#### Supplied material:
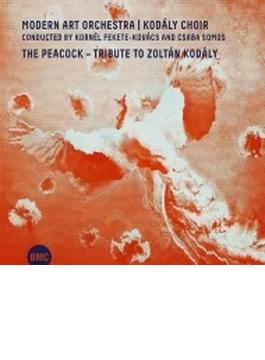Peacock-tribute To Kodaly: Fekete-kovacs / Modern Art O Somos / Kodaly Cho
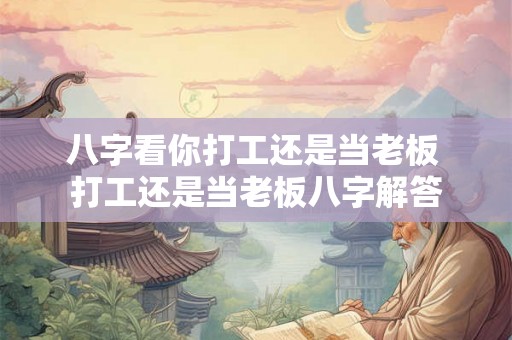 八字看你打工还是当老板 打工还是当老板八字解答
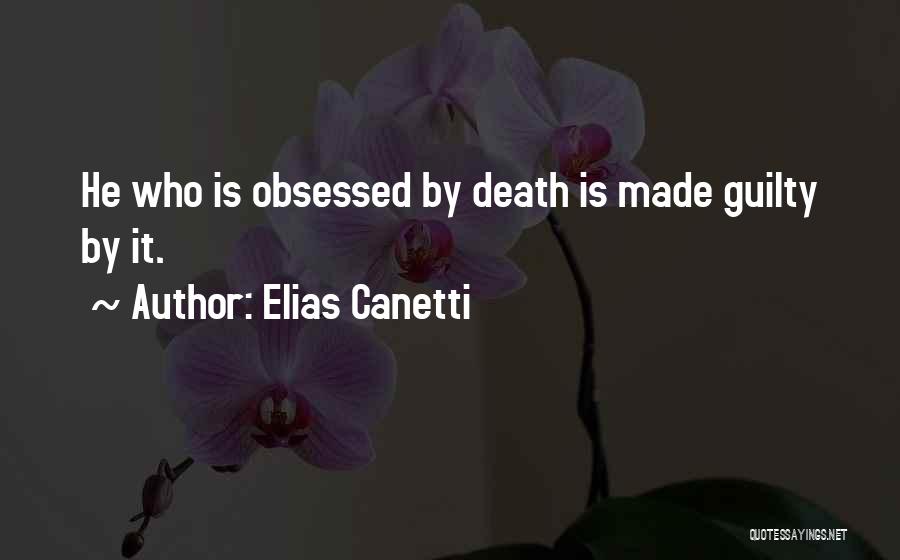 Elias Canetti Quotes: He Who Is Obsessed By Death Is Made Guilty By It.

--

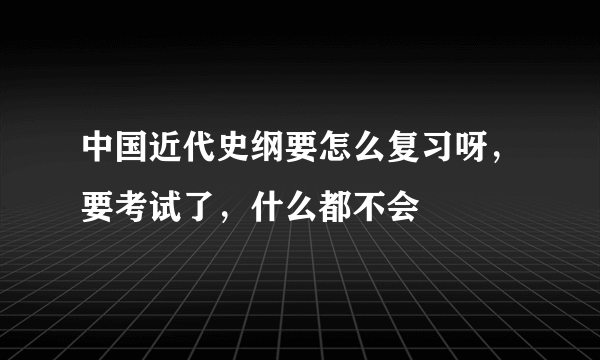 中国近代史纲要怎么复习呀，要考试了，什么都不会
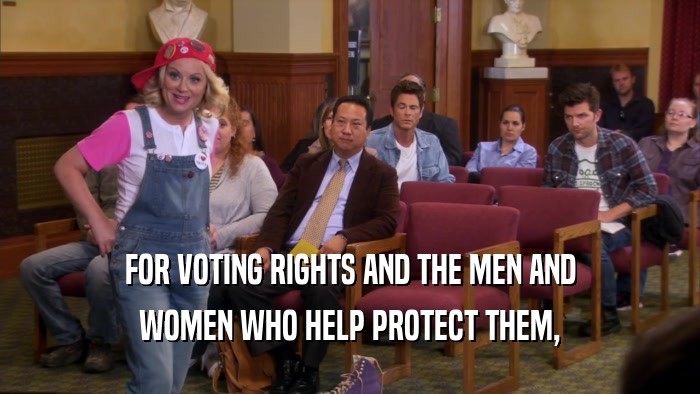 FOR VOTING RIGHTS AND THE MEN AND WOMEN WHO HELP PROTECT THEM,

---

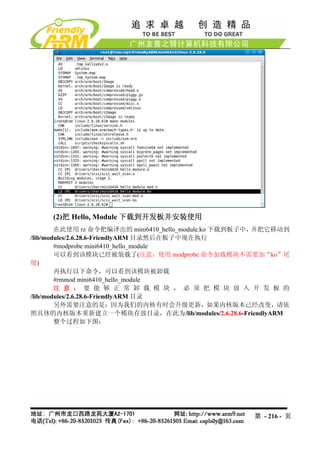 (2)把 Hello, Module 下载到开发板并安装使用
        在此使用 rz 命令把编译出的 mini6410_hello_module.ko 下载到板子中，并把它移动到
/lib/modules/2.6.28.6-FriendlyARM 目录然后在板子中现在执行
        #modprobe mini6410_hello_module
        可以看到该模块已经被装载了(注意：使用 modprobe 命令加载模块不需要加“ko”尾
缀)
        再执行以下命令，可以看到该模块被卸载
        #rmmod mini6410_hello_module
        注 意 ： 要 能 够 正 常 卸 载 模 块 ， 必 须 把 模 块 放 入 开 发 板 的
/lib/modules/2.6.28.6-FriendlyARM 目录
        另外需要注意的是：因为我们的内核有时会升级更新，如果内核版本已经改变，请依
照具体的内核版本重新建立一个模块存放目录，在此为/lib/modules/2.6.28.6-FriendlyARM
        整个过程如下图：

#### Instructions to follow:
Only one part of the listing is wanted: the lines from the one containing "Peacock-tribute To Kodaly: Fekete-kovacs" through the one containing "Elias Canetti Quotes: He", both included. Please transcribe it exactly, leaving out the pictures.

#### Problem solution:
Peacock-tribute To Kodaly: Fekete-kovacs / Modern Art O Somos / Kodaly Cho
 八字看你打工还是当老板 打工还是当老板八字解答
 Elias Canetti Quotes: He Who Is Obsessed By Death Is Made Guilty By It.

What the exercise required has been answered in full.